Burning can also be experienced by men and women, married and single. It can be prevalent or occasional, minimal or strong. It is the longing to respond to sexual desire in a way that is not self-controlled and not God-honoring. A wife may find herself lost in a daydream, burning to experience sexual intimacy with someone who is not her husband. A single man may find himself burning with lust for a particular woman, objectifying her, idolizing sexual pleasure with her, as if that is his only hope for fulfillment. A married man may even badger and bully his wife to get what he is convinced he needs in that moment. These desires are evil. They are a perversion of God’s gift of sexuality.

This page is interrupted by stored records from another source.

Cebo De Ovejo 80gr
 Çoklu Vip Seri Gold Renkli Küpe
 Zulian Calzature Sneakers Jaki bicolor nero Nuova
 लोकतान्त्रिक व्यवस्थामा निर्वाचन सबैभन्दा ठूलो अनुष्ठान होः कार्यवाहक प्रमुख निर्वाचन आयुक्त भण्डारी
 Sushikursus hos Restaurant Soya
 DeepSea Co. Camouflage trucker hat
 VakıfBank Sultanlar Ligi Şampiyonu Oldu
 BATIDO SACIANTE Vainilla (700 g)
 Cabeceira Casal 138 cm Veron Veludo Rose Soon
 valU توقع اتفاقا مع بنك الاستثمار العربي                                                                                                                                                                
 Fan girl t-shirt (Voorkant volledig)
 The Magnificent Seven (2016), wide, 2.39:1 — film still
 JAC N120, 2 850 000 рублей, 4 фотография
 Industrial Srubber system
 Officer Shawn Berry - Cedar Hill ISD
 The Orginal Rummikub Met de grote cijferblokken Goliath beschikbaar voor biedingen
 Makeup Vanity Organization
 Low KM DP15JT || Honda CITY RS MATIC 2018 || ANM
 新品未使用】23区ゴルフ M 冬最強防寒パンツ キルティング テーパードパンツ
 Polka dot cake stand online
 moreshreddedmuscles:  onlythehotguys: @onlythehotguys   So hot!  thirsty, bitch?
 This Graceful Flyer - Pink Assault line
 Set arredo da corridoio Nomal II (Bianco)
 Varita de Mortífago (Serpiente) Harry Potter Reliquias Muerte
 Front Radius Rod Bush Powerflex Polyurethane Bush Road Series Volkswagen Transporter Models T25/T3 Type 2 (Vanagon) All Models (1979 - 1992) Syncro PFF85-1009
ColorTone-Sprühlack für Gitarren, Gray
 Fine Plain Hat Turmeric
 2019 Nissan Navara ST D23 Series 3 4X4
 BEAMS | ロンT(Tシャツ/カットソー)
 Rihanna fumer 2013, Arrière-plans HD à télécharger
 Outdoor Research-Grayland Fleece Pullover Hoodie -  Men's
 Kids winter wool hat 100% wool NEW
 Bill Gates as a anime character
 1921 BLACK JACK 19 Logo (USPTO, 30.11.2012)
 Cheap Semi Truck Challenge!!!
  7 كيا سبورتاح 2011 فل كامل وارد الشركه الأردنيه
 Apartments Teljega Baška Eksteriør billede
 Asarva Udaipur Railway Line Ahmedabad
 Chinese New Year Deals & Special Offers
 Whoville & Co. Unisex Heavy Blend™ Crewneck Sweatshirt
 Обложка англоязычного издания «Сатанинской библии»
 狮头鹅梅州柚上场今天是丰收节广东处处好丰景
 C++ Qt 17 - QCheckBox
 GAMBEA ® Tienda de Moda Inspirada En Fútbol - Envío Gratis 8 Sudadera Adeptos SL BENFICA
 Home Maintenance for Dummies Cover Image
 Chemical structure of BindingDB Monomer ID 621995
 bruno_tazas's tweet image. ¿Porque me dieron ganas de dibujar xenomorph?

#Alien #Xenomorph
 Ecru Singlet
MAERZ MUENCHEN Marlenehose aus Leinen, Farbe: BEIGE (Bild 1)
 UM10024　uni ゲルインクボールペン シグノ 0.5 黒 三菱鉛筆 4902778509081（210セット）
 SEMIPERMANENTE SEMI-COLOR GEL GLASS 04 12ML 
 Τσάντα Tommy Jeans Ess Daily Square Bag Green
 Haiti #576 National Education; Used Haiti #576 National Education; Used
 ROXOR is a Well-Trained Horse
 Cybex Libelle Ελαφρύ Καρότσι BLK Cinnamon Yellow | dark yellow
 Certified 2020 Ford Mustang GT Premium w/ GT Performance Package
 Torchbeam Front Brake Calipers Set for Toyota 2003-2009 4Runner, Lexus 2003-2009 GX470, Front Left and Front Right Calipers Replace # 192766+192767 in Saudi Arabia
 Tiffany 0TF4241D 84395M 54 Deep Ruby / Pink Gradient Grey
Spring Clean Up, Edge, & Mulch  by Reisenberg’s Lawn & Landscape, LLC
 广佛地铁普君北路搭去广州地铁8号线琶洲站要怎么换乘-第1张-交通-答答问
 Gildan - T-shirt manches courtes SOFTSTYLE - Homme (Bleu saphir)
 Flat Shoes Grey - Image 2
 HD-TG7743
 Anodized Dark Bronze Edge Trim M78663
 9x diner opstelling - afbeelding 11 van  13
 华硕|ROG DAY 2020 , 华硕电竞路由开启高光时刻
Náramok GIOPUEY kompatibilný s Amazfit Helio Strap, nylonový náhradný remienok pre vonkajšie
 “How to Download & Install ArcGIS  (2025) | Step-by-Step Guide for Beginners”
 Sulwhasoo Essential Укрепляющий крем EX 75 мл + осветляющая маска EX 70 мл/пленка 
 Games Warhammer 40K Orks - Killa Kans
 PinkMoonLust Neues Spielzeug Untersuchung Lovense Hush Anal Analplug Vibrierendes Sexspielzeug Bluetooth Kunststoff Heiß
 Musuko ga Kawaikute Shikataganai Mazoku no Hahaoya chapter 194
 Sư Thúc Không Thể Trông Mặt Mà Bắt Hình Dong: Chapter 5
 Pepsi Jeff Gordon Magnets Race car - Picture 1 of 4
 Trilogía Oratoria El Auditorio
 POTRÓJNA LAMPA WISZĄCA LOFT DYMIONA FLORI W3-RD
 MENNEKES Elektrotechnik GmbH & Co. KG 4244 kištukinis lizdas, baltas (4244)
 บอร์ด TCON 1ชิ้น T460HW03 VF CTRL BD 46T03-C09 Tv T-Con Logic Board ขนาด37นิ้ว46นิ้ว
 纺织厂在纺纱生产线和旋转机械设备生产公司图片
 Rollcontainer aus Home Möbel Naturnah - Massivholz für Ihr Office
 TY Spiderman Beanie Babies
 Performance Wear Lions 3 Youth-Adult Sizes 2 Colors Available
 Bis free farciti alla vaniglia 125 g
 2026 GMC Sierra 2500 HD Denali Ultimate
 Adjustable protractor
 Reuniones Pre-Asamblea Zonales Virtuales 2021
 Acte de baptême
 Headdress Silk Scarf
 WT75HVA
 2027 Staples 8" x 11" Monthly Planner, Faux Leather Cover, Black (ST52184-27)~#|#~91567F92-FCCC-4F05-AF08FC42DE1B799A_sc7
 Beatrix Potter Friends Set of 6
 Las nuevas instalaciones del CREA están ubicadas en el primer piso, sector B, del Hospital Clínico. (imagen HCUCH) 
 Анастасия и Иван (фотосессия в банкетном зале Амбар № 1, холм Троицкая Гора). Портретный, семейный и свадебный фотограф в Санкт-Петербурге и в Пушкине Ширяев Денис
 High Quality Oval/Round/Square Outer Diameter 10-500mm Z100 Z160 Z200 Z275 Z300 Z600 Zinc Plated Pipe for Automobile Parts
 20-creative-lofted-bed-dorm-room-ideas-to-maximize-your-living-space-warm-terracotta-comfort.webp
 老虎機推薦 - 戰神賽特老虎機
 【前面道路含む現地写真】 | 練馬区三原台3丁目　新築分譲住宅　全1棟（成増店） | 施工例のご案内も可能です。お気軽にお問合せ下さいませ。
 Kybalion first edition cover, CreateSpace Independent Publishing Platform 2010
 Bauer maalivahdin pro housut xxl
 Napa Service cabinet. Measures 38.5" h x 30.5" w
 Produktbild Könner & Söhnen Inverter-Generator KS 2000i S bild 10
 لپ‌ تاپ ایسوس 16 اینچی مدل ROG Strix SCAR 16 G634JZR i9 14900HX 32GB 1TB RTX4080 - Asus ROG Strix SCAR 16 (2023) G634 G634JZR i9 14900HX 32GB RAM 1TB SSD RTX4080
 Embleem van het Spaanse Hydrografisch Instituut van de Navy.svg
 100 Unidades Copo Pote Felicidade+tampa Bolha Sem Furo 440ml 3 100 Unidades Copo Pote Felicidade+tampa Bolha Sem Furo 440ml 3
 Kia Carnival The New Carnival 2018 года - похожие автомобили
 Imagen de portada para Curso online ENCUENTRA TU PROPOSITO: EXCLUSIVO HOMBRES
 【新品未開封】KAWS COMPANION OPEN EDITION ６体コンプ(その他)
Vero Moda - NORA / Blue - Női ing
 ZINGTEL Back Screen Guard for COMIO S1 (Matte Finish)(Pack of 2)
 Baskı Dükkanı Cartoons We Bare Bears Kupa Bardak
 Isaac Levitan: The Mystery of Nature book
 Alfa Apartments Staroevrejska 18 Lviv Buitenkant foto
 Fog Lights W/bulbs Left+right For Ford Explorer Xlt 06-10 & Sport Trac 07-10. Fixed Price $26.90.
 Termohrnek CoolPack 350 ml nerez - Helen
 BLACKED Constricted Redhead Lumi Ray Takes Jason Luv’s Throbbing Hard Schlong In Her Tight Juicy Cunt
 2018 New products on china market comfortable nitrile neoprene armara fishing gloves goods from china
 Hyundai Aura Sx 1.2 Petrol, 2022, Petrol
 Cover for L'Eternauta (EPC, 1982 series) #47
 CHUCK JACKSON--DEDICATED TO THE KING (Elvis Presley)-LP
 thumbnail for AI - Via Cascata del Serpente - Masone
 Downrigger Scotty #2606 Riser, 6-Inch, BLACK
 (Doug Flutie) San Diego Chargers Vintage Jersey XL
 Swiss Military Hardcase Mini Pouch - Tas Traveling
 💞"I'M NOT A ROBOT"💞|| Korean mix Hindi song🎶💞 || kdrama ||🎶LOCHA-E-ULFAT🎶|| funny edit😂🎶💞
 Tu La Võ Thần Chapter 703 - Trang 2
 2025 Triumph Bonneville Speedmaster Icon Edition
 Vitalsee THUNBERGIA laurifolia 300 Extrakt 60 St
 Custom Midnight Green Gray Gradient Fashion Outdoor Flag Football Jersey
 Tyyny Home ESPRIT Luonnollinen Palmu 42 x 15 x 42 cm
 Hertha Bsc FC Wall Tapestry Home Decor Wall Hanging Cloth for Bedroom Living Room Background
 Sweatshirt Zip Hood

I draw the distinction to show that there is a sexual desire that is good and honoring to God. We do not need to feel guilt for this desire or to feel that it is intrinsically wrong. It is a sexual desire that is yielded to the Lord. It is experienced, yet carefully controlled according to the Word of the Lord, channeled to appropriate ends—marriage, intimacy, or reliance upon God. But there is also a sexual desire that is not yielded to the Lord. It is experienced, yet without self-control and heedless to the Word of the Lord, channeled to evil ends. Both can be experienced by married men and women, and both can be experienced by single men and women.
This distinction matters. Owning the difference between yearning and burning allows us to see that not all sexual desire is wrong, even when experienced by someone who does not have a spouse. It allows us to see that not all sexual desire is good, even when experienced by someone who does have a spouse. It allows for sexual desire and even frustration, but without feeding it or being defeated by it. It allows for the desire for sexual nearness and fulfillment even without allowing that desire to degrade into sin.
Burning is desire perverted and unrestrained. Yearning is desire surrendered.